**EXERCISE DESCRIPTION**. Among the records that follow, set down only the lines from the one containing "CANDY BELLA Oil" to the one containing "de Madrid Appartement", both included, exactly.

**DATA EXTRACT**.
=-=-=-=-=

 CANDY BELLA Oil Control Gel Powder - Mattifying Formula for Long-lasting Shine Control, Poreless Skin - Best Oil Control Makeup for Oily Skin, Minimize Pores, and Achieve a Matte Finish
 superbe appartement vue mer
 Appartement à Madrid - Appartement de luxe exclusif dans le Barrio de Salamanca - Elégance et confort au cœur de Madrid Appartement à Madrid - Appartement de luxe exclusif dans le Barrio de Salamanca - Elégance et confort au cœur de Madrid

=-=-=-=-=

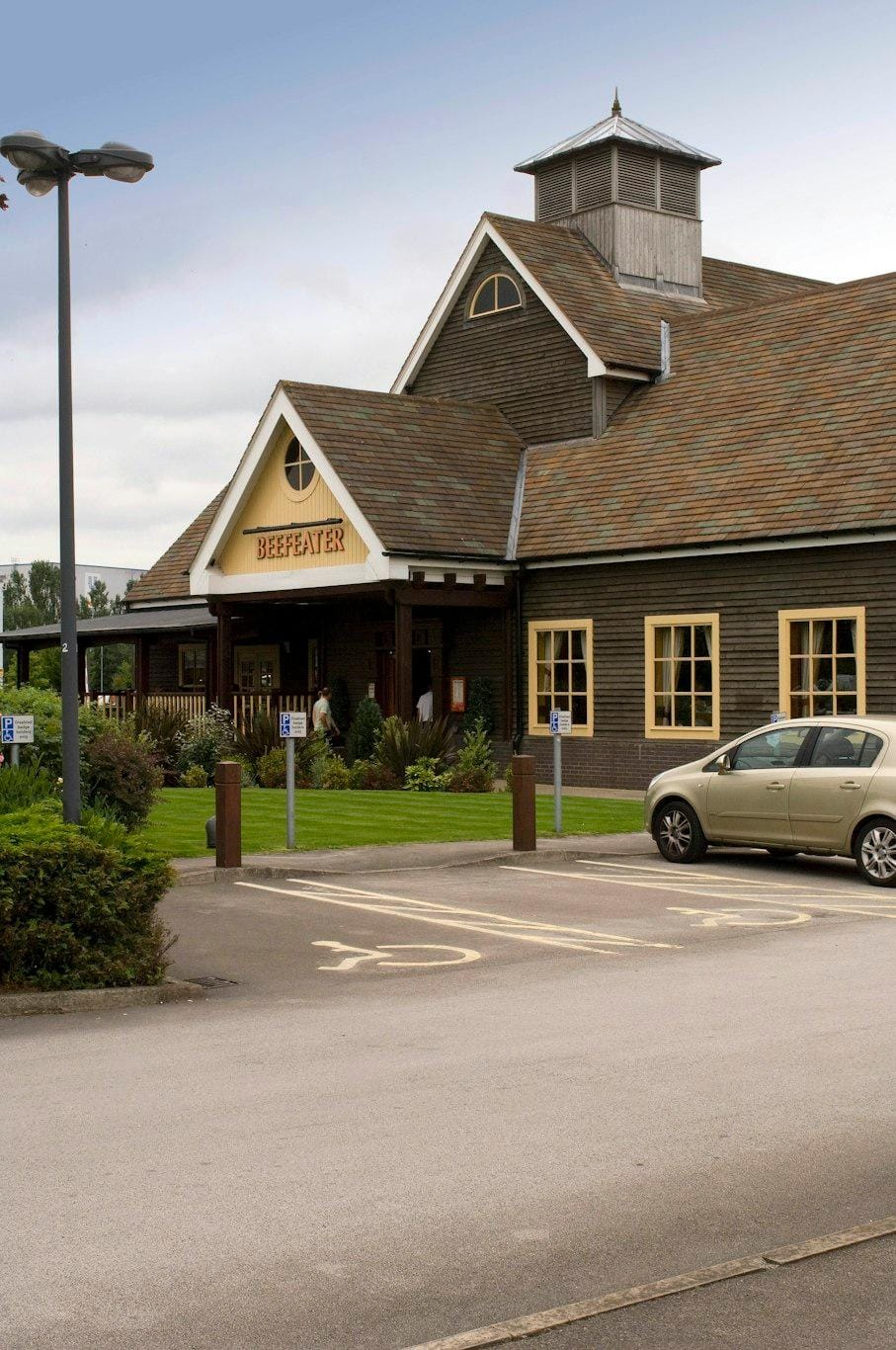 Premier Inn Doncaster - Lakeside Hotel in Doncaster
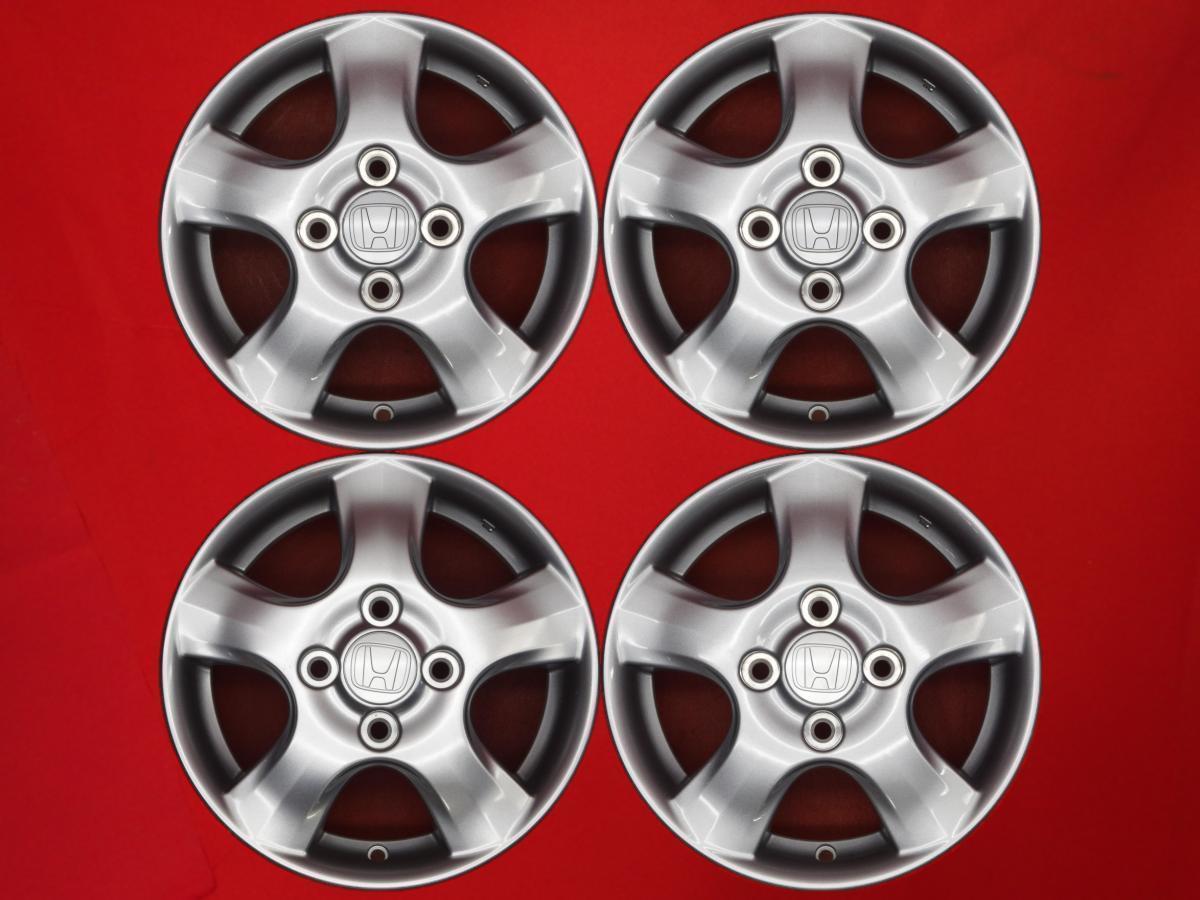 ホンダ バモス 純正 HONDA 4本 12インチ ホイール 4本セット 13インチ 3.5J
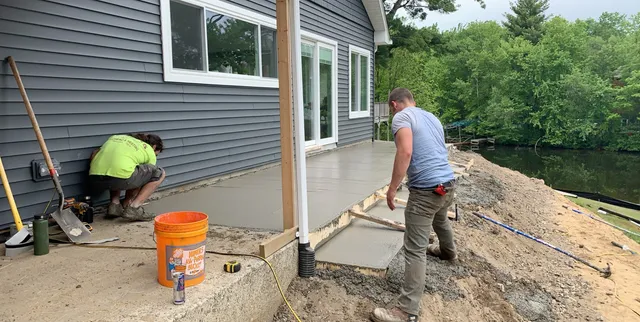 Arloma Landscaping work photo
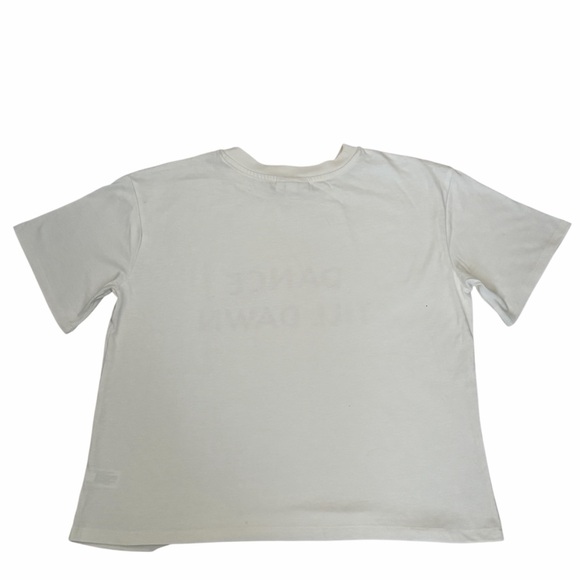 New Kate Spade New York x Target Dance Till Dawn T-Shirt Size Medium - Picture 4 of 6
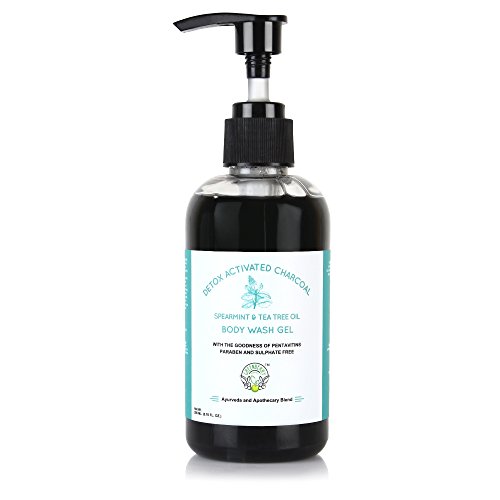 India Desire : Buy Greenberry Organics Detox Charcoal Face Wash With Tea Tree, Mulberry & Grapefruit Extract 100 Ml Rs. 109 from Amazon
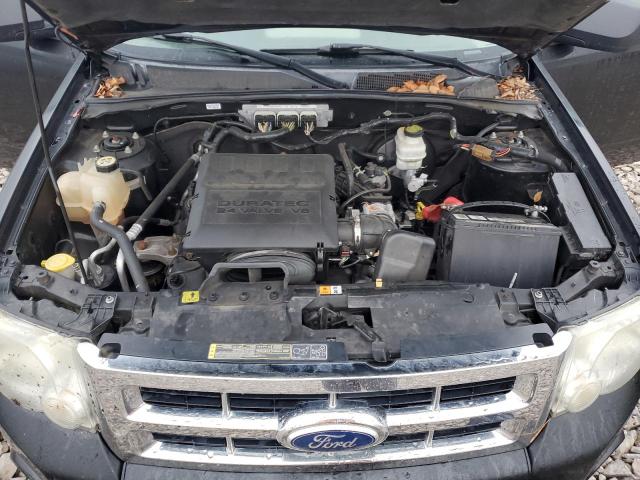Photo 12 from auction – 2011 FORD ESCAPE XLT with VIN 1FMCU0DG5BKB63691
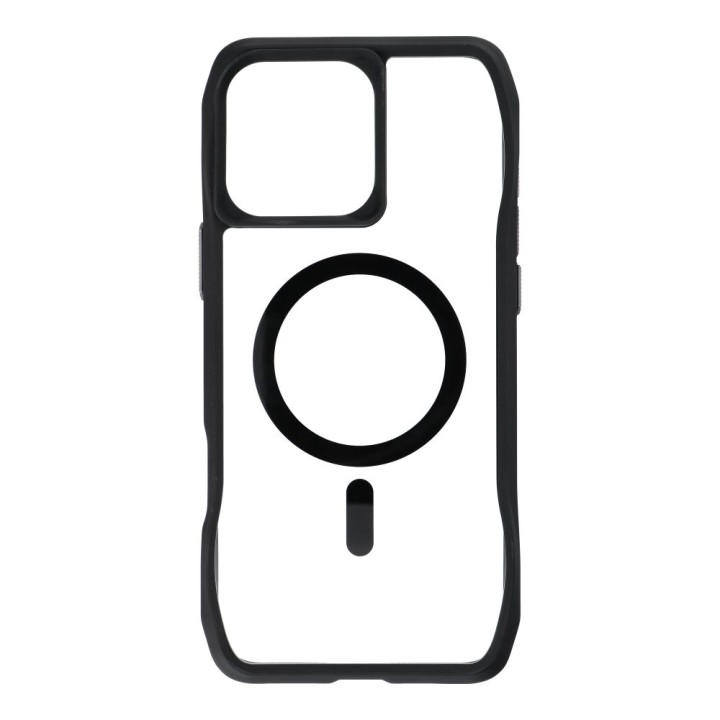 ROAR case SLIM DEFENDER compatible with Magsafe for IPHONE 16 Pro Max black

=-=-=-=-=

**SOLUTION TO THIS EXERCISE**.
 CANDY BELLA Oil Control Gel Powder - Mattifying Formula for Long-lasting Shine Control, Poreless Skin - Best Oil Control Makeup for Oily Skin, Minimize Pores, and Achieve a Matte Finish
 superbe appartement vue mer
 Appartement à Madrid - Appartement de luxe exclusif dans le Barrio de Salamanca - Elégance et confort au cœur de Madrid Appartement à Madrid - Appartement de luxe exclusif dans le Barrio de Salamanca - Elégance et confort au cœur de Madrid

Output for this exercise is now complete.